Police series are always in fashion. We love solving a crime, no matter what style it is 'CSI' or 'Criminal Minds'; that goes into a false or real story or that presents us with characters that neither were nor fa or powerful female characters such as 'Vigil' either 'Mare of Easttown'.
This last series, one of Kate Winslet's great works of recent years, reminds us quite a bit 'The woman on the wall', the short police series of six episodes of about 50 minutes each one that is sweeping right now in Movistar Plus+ and on SkyShowtime and which is perfect to devour this coming weekend.
This series, which has a 7.2 on IMDb, has been created by Joe Murtagh, nominated for a BAFTA for the script of the British film 'Keep Calm' (2019) and takes us to Ireland, specifically to the fictional city of Kilkinure, in 2015. Its protagonist is Lorna Brady (Ruth Wilson), a woman who suffers from sleepwalking.
One day, she heads to her job as a seamstress, but a note left for her about her long-missing daughter will take her down an unexpected path. She will embark on a journey in which she will discover decades of misdeeds, in which She will come across cases of child trafficking and that will force her to understand why a corpse appears by chance? in her house.
Meanwhile, in Dublin, the detective Colman Akande (Daryl McCormack) investigates the murder of his childhood priest, Father Percy Sheehan. (Stephen Brennan). Her search for him takes her directly to Kilkinure and a convent that previously housed unwed mothers. It is the same home that Lorna was forced to enter when she was pregnant and she was 15 years old. Desperate to find out what happened to her stolen baby, despite being limited by her sleepwalking, Lorna becomes Akande's main suspect. And everything gets worse because he keeps a corpse on the wall of his living room.

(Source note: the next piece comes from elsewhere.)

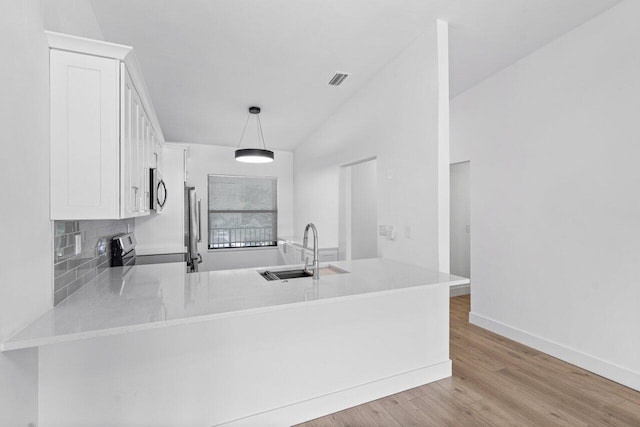 kitchen with sink, hanging light fixtures, kitchen peninsula, white cabinets, and appliances with stainless steel finishes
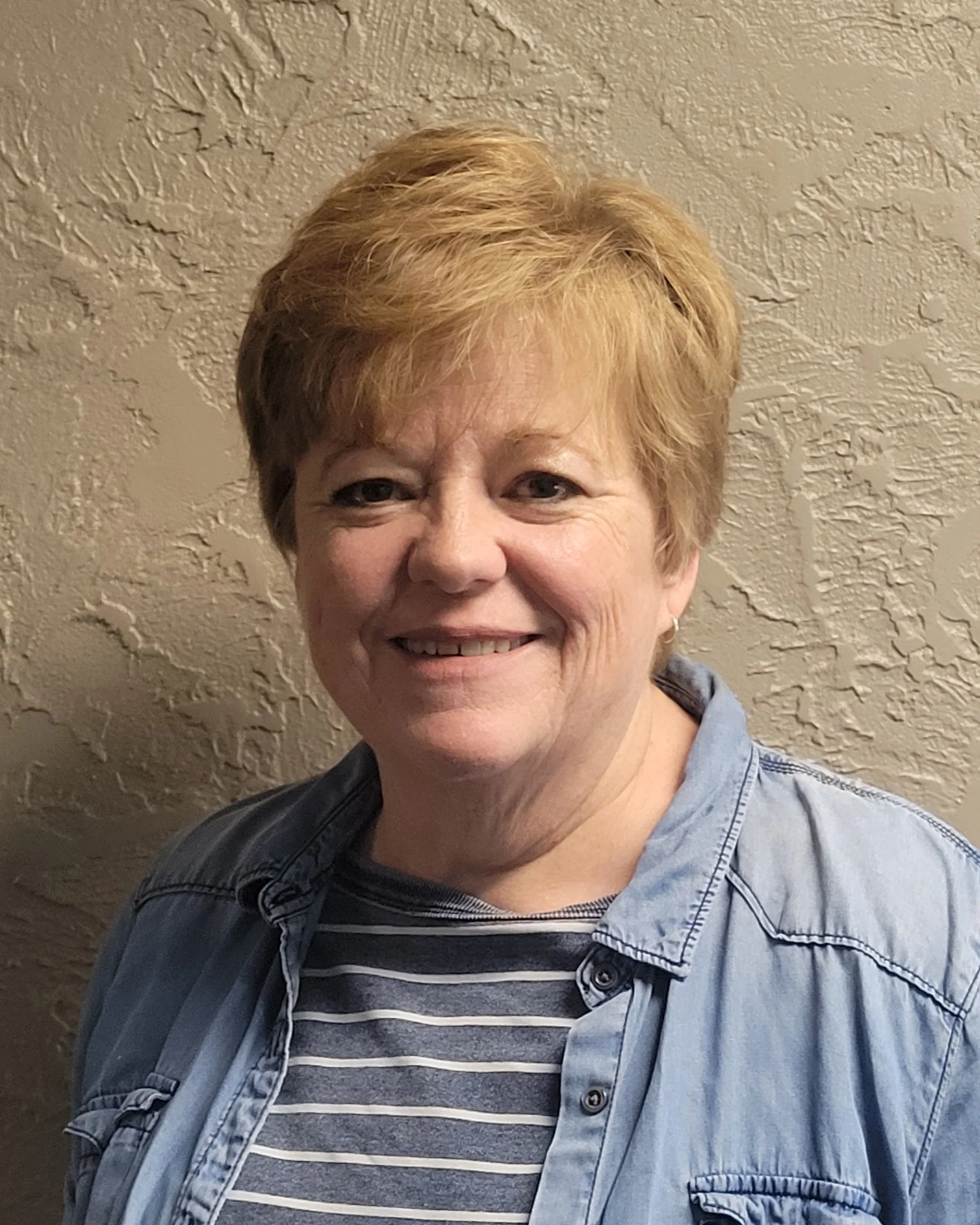 Sherrie Peterson. A smiling woman with short blonde hair, wearing a striped shirt and a denim jacket, standing against a textured beige wall.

'The woman on the wall' and the terrible story of the Magdalene Laundries in Ireland
To understand the series you have to know what the Magdalena Laundries were. Managed by the Catholic Church from the 18th century until the mid-90s of the last century, These institutions were initially for prostitutes and later for 'immoral women' (single mothers, women expelled from their homes, who had lost their virginity before getting married, etc.). These women were used for their free labor to do horrible, heartbreaking laundry jobs. Pregnant women who ended up in laundromats had their babies taken away from them without your consent.
Lorna, the protagonist of 'The Woman in the Window', spent time in one of them, in the Kilkinure convent, which is terrifying enough for the series to overdo its horror elements (which it does). The dark and gloomy texture of the Irish countryside and Wilson's disturbing performance are enough to carry the series without so much sinister figure.
McCormack plays his big-city detective role effectively. frustrated by the slowness and lackadaisicalness of Kilkinure and his top police officer, Sergeant Aidan Massey (Simon Delaney). But as he gets closer to Lorna, he begins to reflect on what he went through in his childhood and ends up comparing the Father Percy he knew with the truth.
The best of all episodes is episode 4, which shows the devastating barbarity that Lorna and other women experienced at the hands of nuns and priests.. While some hide their trauma from her, or at least appear more fragile than problematic, Lorna is carried away by her anguish, driven by anger, bitterness, and revenge.